You have plenty of time for a long comfortable lie in the bath followed by a TV dinner. You plant yourself on the sofa under your tablet, surfing the web while the vacuum sniffs and nudges around the corners of the living-room carpet, as the evening grows old along with your thoughts. Which, as usual, are increasingly bored and lonely. Burn-out is such an ugly turn of phrase, and in any case, it doesn’t quite fit; it’s more like you ran out of fuel halfway across the ocean, and you’re gliding now, the site of your crash landing approaching implacably but still hidden from you by the horizon of your retirement. That’s you in a nutshell, drifting slowly down towards lonely old age, the fires of ambition having flamed out years ago.
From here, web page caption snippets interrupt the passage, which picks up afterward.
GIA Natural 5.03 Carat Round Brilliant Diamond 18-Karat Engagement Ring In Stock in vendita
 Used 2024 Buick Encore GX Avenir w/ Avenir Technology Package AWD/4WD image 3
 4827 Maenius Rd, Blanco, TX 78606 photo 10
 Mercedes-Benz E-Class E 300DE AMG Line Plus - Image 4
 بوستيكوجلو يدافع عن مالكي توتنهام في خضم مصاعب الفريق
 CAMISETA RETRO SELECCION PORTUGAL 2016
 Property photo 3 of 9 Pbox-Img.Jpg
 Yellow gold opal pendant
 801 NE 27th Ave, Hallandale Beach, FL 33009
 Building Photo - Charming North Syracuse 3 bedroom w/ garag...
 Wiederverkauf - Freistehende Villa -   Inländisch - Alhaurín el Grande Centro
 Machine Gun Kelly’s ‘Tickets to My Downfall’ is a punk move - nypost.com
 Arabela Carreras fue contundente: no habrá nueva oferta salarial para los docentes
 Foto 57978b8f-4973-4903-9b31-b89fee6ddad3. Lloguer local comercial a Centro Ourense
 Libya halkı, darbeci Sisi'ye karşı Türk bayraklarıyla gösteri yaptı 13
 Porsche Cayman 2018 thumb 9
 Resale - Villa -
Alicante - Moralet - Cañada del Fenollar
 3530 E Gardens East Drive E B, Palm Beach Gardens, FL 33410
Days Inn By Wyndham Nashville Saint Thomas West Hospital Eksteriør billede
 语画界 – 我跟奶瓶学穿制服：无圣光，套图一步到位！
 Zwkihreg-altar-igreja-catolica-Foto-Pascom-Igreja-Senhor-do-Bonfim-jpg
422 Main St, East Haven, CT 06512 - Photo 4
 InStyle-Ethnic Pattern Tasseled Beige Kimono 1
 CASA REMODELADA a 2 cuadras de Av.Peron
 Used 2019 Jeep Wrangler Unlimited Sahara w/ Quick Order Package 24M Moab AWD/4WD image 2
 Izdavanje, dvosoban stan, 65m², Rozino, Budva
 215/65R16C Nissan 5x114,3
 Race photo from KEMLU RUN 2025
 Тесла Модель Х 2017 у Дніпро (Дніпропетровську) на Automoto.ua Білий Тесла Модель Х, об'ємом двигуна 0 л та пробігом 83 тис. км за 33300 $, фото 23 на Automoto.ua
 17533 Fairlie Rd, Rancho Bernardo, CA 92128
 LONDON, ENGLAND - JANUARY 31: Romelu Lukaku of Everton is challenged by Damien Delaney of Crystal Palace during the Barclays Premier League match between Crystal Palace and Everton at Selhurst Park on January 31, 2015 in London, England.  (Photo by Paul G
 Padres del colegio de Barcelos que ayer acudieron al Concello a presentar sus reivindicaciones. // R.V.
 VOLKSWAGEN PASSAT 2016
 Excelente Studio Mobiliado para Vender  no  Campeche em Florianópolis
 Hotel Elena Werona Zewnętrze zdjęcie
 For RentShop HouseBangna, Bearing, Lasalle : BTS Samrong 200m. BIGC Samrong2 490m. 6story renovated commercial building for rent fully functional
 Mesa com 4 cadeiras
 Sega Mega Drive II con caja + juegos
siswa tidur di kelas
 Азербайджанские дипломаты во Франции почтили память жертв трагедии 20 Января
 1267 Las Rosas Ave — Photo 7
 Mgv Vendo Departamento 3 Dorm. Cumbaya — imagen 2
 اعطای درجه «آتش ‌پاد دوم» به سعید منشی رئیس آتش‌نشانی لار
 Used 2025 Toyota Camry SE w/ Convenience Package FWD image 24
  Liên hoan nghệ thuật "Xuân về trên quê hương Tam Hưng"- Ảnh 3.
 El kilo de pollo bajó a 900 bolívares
There was a time when, after working hours, you’d be off to the gym or auditing a distance-learning course or some other worthy pursuit. But these days, it’s hard to see the point anymore.
The sad truth, which only dawned on you after you were fifteen years down this path, is that it doesn’t mean anything. Your job, your vocation, your life’s calling—you’re like a priest who awakens one day and realizes that his god has been replaced by a cardboard cut-out, and he’s no longer able to ignore his own disbelief. And, like the priest, you’ve sacrificed all hope of a normal life on the altar of something you no longer believe in.
Heaven knows, it’s not as if the job doesn’t need doing. Fifteen years in the force has taught you more about the stupid, petty, vicious idiocy of your fellow humans than you ever wanted to know. (It’s also startled you—very occasionally—with their generosity, intelligence, and altruism. Very occasionally.)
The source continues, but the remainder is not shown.